» **GOAL OF THE EXERCISE**
Only the lines in the entries below from the line with "Steve Madden Kiley" to the line with "Bed - Image 12", both included, belong in the answer, transcribed exactly and without pictures.

» **MATERIALS PROVIDED**
┄┄┄┄┄┄┄┄┄┄┄┄┄┄┄┄┄┄┄┄

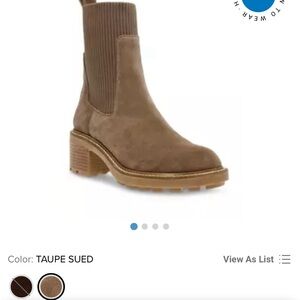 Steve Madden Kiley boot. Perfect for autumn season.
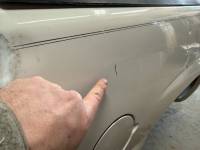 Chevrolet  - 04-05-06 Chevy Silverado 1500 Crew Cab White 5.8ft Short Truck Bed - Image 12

┄┄┄┄┄┄┄┄┄┄┄┄┄┄┄┄┄┄┄┄

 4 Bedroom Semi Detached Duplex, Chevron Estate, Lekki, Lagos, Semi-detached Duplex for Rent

┄┄┄┄┄┄┄┄┄┄┄┄┄┄┄┄┄┄┄┄

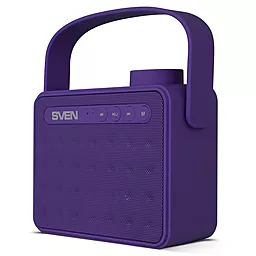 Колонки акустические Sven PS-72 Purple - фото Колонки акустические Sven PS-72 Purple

┄┄┄┄┄┄┄┄┄┄┄┄┄┄┄┄┄┄┄┄

» **THE ANSWER**
 Steve Madden Kiley boot. Perfect for autumn season.
 Chevrolet  - 04-05-06 Chevy Silverado 1500 Crew Cab White 5.8ft Short Truck Bed - Image 12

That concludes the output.